Task prompt
The listing is to be returned word for word, without its images.

Recorded data

▬▬▬▬▬▬

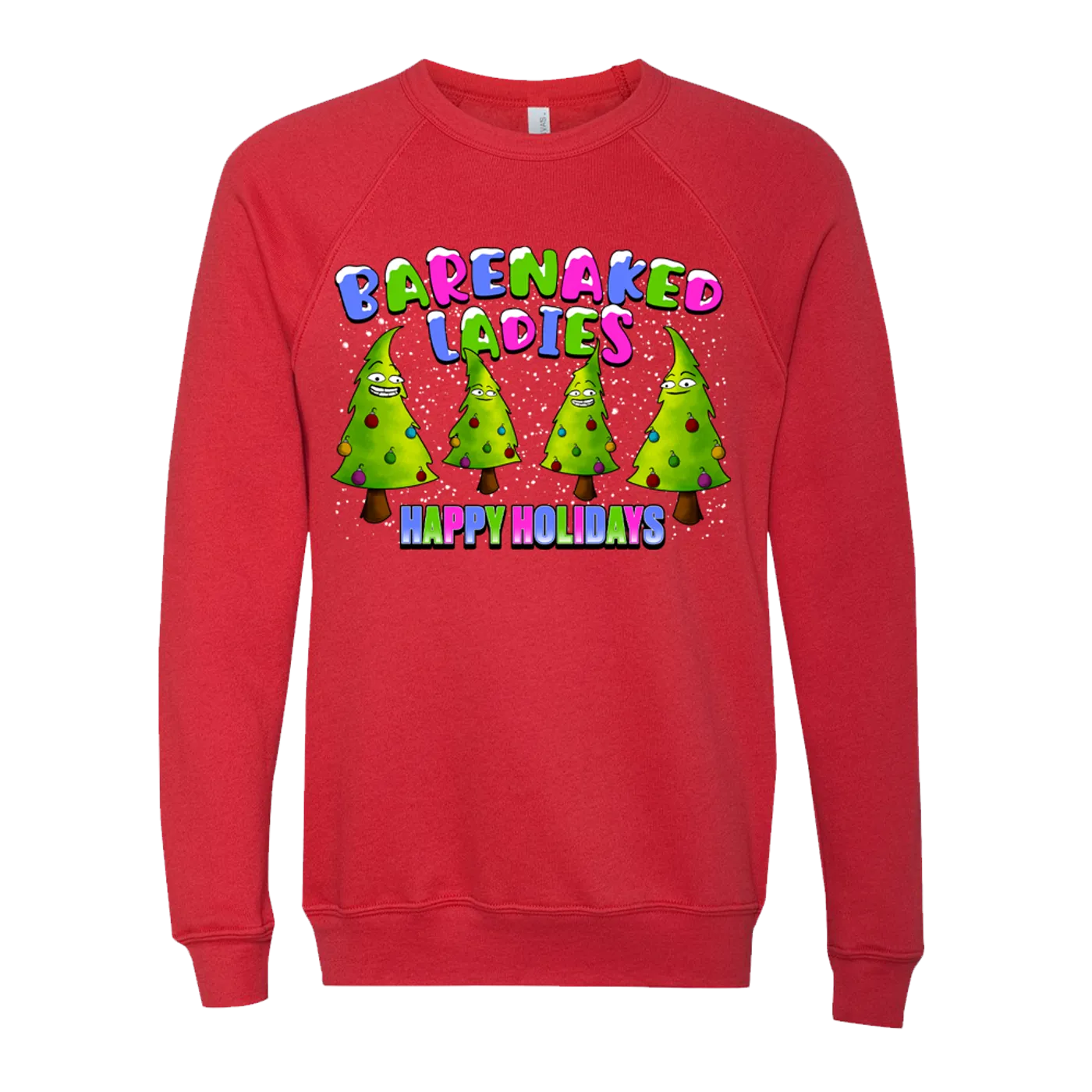 Barenaked Ladies BNL Happy Holidays Trees Red Crewneck Sweatshirt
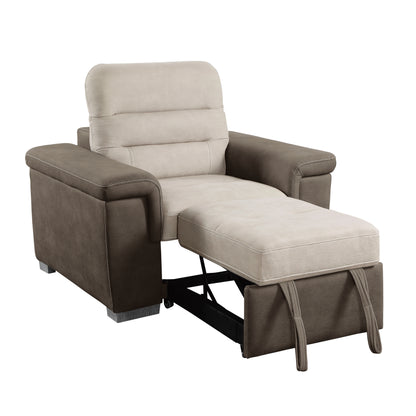 Homelegance Alfio Accent Chair with Pull-out Ottoman in 2-tone Beige and Taupe 9808-1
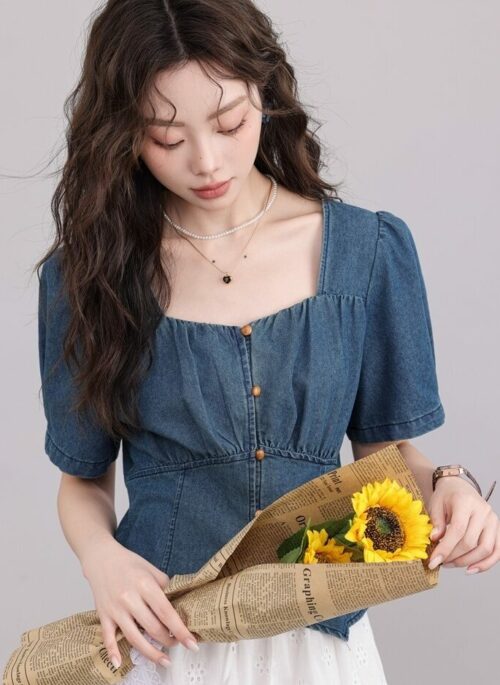 Denim Square Neck Blouse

▬▬▬▬▬▬

Answer to this exercise
 Barenaked Ladies BNL Happy Holidays Trees Red Crewneck Sweatshirt
 Homelegance Alfio Accent Chair with Pull-out Ottoman in 2-tone Beige and Taupe 9808-1
 Denim Square Neck Blouse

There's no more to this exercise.